Newark has always been a place where youth power drives change. For 22 years, its public schools were under state control. Local oversight was restored in 2018 after sustained organizing by parents, educators and young people who refused to be ignored. Lowering the voting age is the next chapter. It is not the finish line. It is an invitation to build a full youth voting bloc, ages 16 to 24, and to establish civic habits that last into adulthood.
As the late Rep. John Lewis reminded us, democracy requires good trouble, necessary trouble. Then-Newark City Council President LaMonica McIver, who sponsored the ordinance, was inspired to pursue elected office by her fifth-grade teacher, now Mayor Ras Baraka. The student became the legislator. The teacher became the mayor. Power builds over time, but only if we nurture it. That responsibility sits with all of us.
The Youth Power Action Coalition did not arrive fully formed. It grew.
In August, young people began showing up to Board of Education meetings with specific questions rooted in their lived experiences, from school infrastructure to mental health support. They were not there to complain. They came with purpose. By October, they brought agendas and youth-authored white papers. Month after month, they returned. By April, the coalition had grown to 292 members across Newark and neighboring cities. Between 20 and 40 youth attended every board meeting since August, often outnumbering adults. They knocked on 3,000 doors across Newark between mid-February and late March, organizing in rain and cold.
In January, their policy proposal moved through the governance committee. It called for a co-designed, district-wide youth survey to track program impacts on students across schools, building toward a transparent accountability system shaped by young people themselves.
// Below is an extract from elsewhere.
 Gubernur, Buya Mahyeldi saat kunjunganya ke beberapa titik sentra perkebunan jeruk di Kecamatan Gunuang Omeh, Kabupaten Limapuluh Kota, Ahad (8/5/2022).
The district said no in February. They came back anyway.
Organizations like The Gem Project, the convener of the Youth Power Action Coalition, worked to match that energy with infrastructure. We prioritized online voter registration to reduce errors, tracked pledges, sent deadline reminders and hosted weekly civic education sessions where young people learned their rights, confirmed polling locations and registered.
Coalition allies showed up, too.
Newark Youth Career Pathways organized students across five partner schools to attend those same sessions, moving young people from awareness to online registration. Great Oaks Legacy Charter School engaged its juniors and seniors in a schoolwide vote-by mail-effort, marching youth together to deposit ballots in a secure mailbox the day before the election. Complex Visions Newark, hearing directly from students that there was little to no chatter about the election across school spaces, launched youth-targeted social campaigns to fill that gap.
Each organization brought something different. Together, they built what no single organization could have built alone.
On April 21, people ages 16 and 17 cast their ballots. More than 25% of them rode our buses. In all, Newark has 1,524 registered voters of those ages — and only 45 came out. That gap tells a story.
The young people arrived at the polls, and the system broke down in real time. Young voters who had registered weeks in advance could not find their names in the system, even with voter acknowledgment cards in hand. Others were sent to incorrect polling locations instead of being offered provisional ballots. Some arrived at locations where staff did not know an election was taking place. Some were told they were not eligible to vote because of their age, despite the ordinance.
These barriers did not affect only 16- and 17-year-olds. Eighteen-year-olds faced them, too. We know because we were there. Chaperones advocated in real time. Without that support, many young people would have walked away without voting.
What keeps me up at night are the young people who believed they were not eligible and left. The ones who did not know they could request a provisional ballot. The ones who encountered resistance without anyone beside them. That is the part of this story we may never fully know. These are not minor errors. They are systemic failures.
Grassroots organizations cannot carry this alone. Civic tradition does not survive on momentum alone. It requires repetition, coordination and institutional commitment: year-round, across every school, at every level. What was built in Year 1 was not sustained into Year 2. Poll workers must be trained on current ordinances. Registration systems must minimize error and include follow-up. Young people must know their rights before they arrive at the polls, not after they have been turned away.
As a city and as a state, we must do better. It will take parents, educators, community organizations and institutions working together to build something that lasts, not just when it makes history. Youth are watching whether the adults in power mean what they say about prioritizing their voices. You do not invest only when it is new and the cameras are present. You invest over and over again until it becomes tradition.
One thing is certain: We will be there alongside them, whether in moments of visibility or in the quiet years between. Young people deserve to be not only invited into democracy, but also fully supported in participating in it.